Arizona State University has expanded to serve an average student body of 75,000, and the strain on its student life facilities has grown. Along with adapting the university’s primary campus life building, the Memorial Union, to increased use and greater service to the ASU community, Studio Ma redesigned the building’s front plaza. When the Memorial Union was originally constructed, Arizona State was largely a commuter school, and the campus experience was focused within buildings. The plaza had been largely utilitarian, connecting the Memorial Union to some of ASU’s most important buildings with a long mall. The university has become increasingly residential, and the campus has consequently focused on improving the pedestrian experience.

Studio Ma - ASU Memorial Union Plaza

We reconceived the plaza as an outdoor hall for the Memorial Union. This alleviates some of the demands placed on the facility. Our work centered on how to make being outdoors more pleasurable year round in the hot desert climate, so that people would want to congregate outside of the Memorial Union to eat, gather, and socialize. We approached the renovation both horizontally and vertically. We added outdoor seating areas that are distinct from the pedestrian mall. These areas are shaded by a collection of canopies clustered around raised planter beds of grass, plants, and trees. The canopies have a unique, warped elliptical form that permits them to be organized in different spatial configurations. They can be rearranged to make room for the trees as they grow, and they guide foot traffic through the plaza.

Studio Ma - ASU Memorial Union Plaza

The plaza redesign converts the grounds from a utilitarian connection between buildings to a memorable part of the campus experience.
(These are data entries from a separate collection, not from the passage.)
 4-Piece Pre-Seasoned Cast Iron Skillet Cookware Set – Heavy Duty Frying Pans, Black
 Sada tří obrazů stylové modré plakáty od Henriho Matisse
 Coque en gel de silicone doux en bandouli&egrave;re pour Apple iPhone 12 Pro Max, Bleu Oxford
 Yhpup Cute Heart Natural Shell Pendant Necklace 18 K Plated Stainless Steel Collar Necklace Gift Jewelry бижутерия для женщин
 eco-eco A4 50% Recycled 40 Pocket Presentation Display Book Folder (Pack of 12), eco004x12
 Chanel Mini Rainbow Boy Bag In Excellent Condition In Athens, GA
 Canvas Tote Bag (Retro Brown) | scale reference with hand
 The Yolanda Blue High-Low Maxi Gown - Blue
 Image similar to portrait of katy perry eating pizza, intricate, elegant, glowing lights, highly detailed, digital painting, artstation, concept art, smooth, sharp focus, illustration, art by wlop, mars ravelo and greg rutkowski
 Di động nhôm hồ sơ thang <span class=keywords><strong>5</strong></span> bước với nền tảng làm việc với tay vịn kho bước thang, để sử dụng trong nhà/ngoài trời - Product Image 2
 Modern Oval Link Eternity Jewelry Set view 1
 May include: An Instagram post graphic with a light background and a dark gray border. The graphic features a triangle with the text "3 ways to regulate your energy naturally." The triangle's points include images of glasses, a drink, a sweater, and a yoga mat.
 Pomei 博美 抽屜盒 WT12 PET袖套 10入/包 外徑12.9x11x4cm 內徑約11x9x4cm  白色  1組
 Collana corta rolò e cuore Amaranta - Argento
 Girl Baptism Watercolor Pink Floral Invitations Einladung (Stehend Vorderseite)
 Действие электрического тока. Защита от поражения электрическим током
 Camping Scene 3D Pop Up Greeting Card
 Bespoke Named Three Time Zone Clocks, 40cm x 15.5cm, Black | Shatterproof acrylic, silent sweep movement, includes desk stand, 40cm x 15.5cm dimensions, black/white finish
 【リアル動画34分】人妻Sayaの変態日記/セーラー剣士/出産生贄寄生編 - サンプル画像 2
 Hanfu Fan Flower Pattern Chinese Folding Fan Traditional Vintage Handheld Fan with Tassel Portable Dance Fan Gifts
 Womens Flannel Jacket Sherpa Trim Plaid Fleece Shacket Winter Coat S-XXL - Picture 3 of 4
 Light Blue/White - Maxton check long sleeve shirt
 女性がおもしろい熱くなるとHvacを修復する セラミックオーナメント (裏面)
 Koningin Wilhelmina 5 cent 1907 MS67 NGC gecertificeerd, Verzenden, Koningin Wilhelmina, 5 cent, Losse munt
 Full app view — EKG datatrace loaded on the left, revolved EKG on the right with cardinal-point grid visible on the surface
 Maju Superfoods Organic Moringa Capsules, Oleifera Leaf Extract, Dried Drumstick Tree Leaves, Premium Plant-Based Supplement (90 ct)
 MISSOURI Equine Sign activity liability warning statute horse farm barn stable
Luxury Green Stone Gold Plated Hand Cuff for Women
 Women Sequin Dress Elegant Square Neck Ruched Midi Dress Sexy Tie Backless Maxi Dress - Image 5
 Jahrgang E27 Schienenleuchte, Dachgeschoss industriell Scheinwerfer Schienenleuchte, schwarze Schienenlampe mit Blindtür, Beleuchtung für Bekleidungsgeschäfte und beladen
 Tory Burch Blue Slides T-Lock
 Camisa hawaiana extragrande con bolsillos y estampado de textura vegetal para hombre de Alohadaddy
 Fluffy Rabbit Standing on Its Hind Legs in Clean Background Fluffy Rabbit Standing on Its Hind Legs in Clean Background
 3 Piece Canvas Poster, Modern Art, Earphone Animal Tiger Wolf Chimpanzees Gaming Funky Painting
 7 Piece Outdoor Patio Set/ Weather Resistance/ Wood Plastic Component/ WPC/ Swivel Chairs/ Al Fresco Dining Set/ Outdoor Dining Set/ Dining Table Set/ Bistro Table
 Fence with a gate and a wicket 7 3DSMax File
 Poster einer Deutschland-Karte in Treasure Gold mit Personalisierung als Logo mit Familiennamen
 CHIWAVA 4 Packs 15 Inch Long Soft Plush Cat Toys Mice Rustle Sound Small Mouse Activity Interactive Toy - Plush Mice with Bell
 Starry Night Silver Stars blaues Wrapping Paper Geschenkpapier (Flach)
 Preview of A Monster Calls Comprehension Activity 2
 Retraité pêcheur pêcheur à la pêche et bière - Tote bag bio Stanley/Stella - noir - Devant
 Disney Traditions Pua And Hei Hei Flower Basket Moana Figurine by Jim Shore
As a design element, the canopies relate to a nearby well-loved allee of palm trees, Palm Walk. This reinforces the sensation of being at the heart of campus. Using shade structures provided an immediate relief from the desert heat for the Memorial Union Plaza, when palms could take years to reach adequate height. Each canopy is saddle-shaped, with a sock of double-faced shade cloth stretched over their tubular frame. Their light color reflects heat away from the concrete paving, lowering temperatures below the canopies, and their fabric construction mitigates glare. Because the canopies are lower and wider than mature palm trees, their dappled shade spans a larger area over the plaza. The seating areas are now a popular destination in the precinct.